The event coincides with Karl Lagerfeld’s 50th anniversary designing furs and ready-to-wear for the Roman house, putting him in the unique position of staging two couture shows in the French capital. The German designer is also the couturier at Chanel.

“For me, fur is Fendi and Fendi is fur,” said Lagerfeld, noting he channels the “Italian version” of his creativity into his work for the brand, owned by French luxury group LVMH Moët Hennessy Louis Vuitton.

“It reinforces the tradition, magnifies our savoir faire, and it gives us a chance to experiment, as couture is a platform for experimentation,” Pietro Beccari, Fendi chairman and chief executive officer, said in an interview here on Thursday. “Haute fourrure will set a differentiation between Fendi fur and the rest.”

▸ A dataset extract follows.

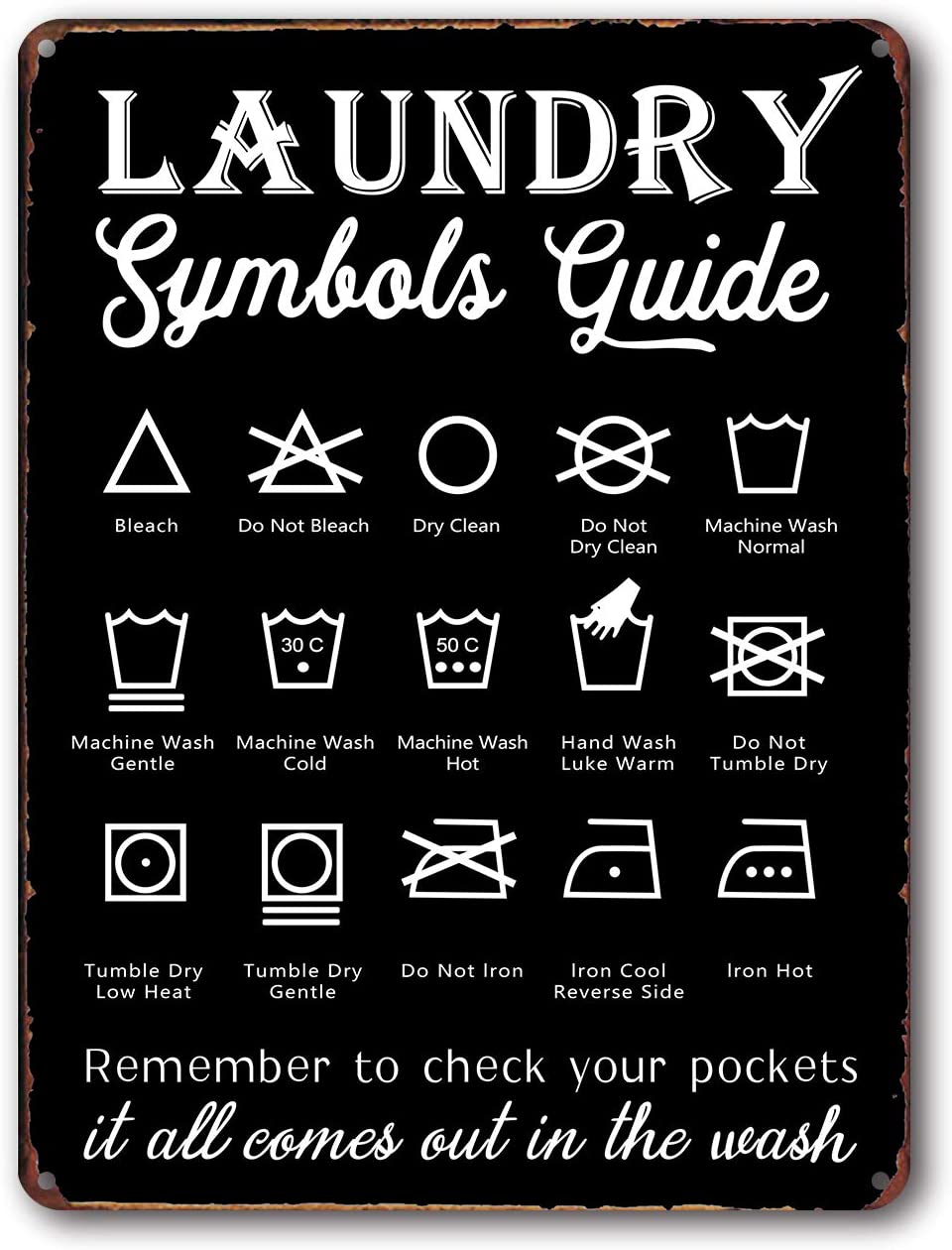 Laundry Room Vintage Metal Sign Symbols Guide Decorative Signs Wash Room Decor Bathroom Signs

He noted Fendi already sells made-to-order and custom-made furs, and has recently expanded its atelier to meet demand, and prepare for the launch into high-fashion furs, which will not be available in boutiques.

Beccari said the collection would travel to other cities for order taking, as other couture houses do, with Fendi’s stops including London, Monaco, Tokyo, Seoul, New York and Hong Kong.

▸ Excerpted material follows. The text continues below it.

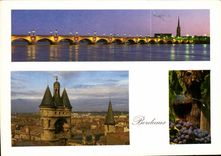 CPM Bordeaux Le Pont Pierre et la Portie de la Grosse Cliche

The executive noted that Hong Kongese rank as Fendi’s number-one fur clientele, with Japanese, Koreans, Russians, Americans and Brits among other top nationalities.

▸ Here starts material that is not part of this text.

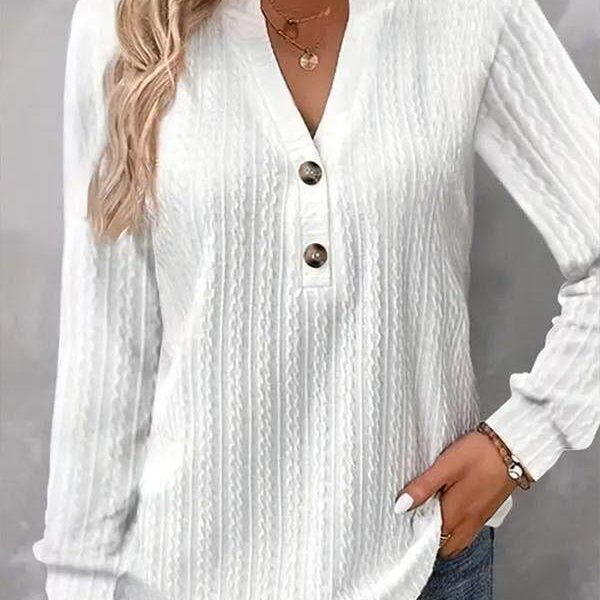 Piper™ - Loose Plain Notched Casual T-Shirt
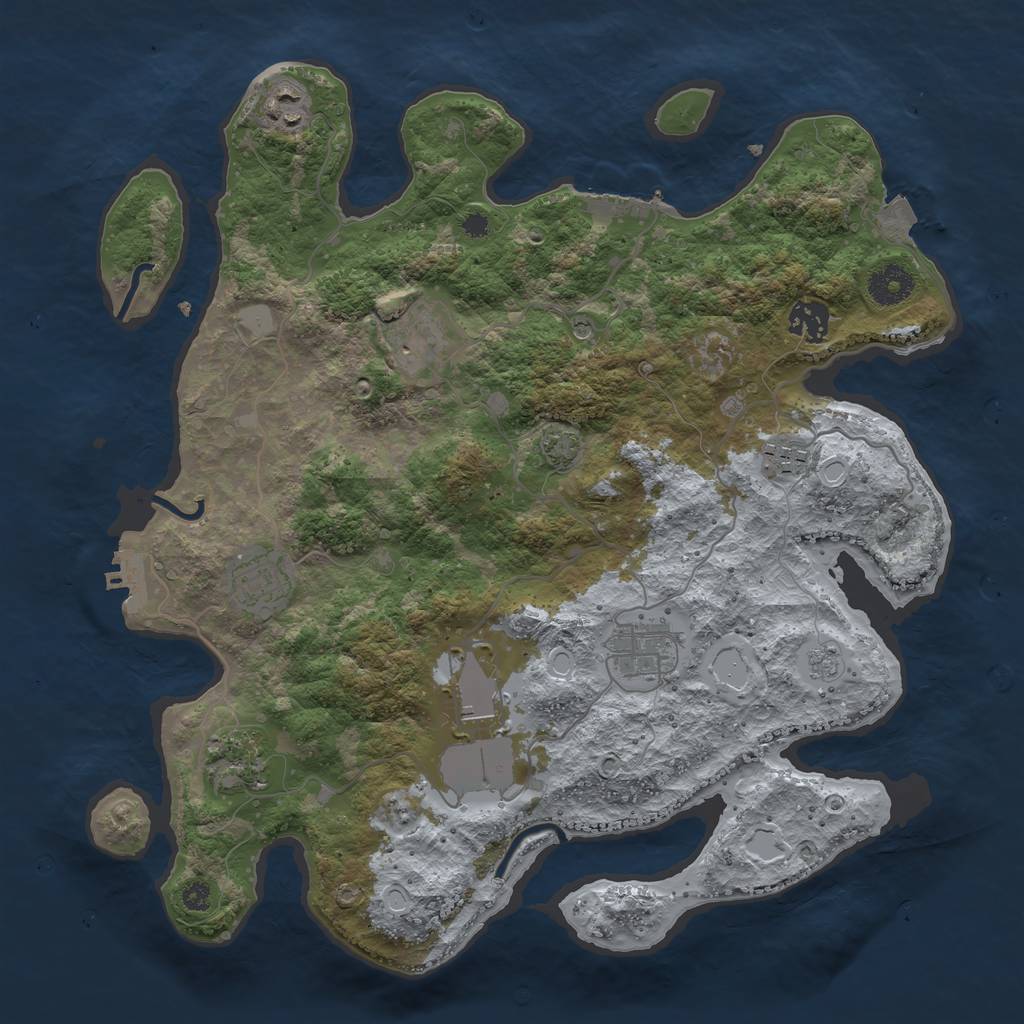 Rust Map: Procedural Map, Size: 3600, Seed: 40618051, 16 Monuments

He said prices for the couture furs have yet to be set, as the collection is still in progress.

But Fendi’s prices already stretch from about 500 euros, or $568, for its popular Bag Bugs fur charms, all the way to 500,000 euros, or $567,585, for coats in rare and prestigious furs such as sable, white sable or lynx.

People are willing to invest in a Fendi fur because they know it is produced by the best hands in the market,” he said.

Fendi boasts about 40 full-time employees in its fur atelier with a combined work experience of more than 600 years. Some rare artisans continue to work beyond their retirement years, and there are also some father-son and father-daughter tandems.

All of Fendi’s products are produced in Italy, and Beccari is keen to perpetuate its savoir faire, which involves a lengthy apprenticeship.

“To learn to cut a fur, we’re talking about close to 10 years before you can approach precious skins,” he said, likening the rare expertise to diamond cutting.

Beccari declined to discuss numbers or give a breakdown of the business, though it is understood leather goods, as is the case for most big European luxury brands, represents Fendi’s biggest category.

He characterized fur as a “significant business,” noting “all categories are growing for us, and fur with it.”

Fendi procures all its furs internally, attending auctions in Finland, Russia, Ukraine and Canada. “Nobody has this integrated chain,” Beccari asserted.

Fendi and Beccari credit Lagerfeld for transforming the image of fur from a bourgeois status symbol to a fashion item, employing a host of dazzling techniques from shaving, knitting and implanting hairs on organza and plastic to fusing its plush hairs with 24-karat gold molecules.

A flip through Lagerfeld’s dazzling output, compiled by Fendi ahead of the show in July, spans zip-front jockey jackets for the whole family, fringed fur ponchos, inflatable fur puffers and a birdlike cape.

Fendi plans to mark its 90th anniversary in 2016.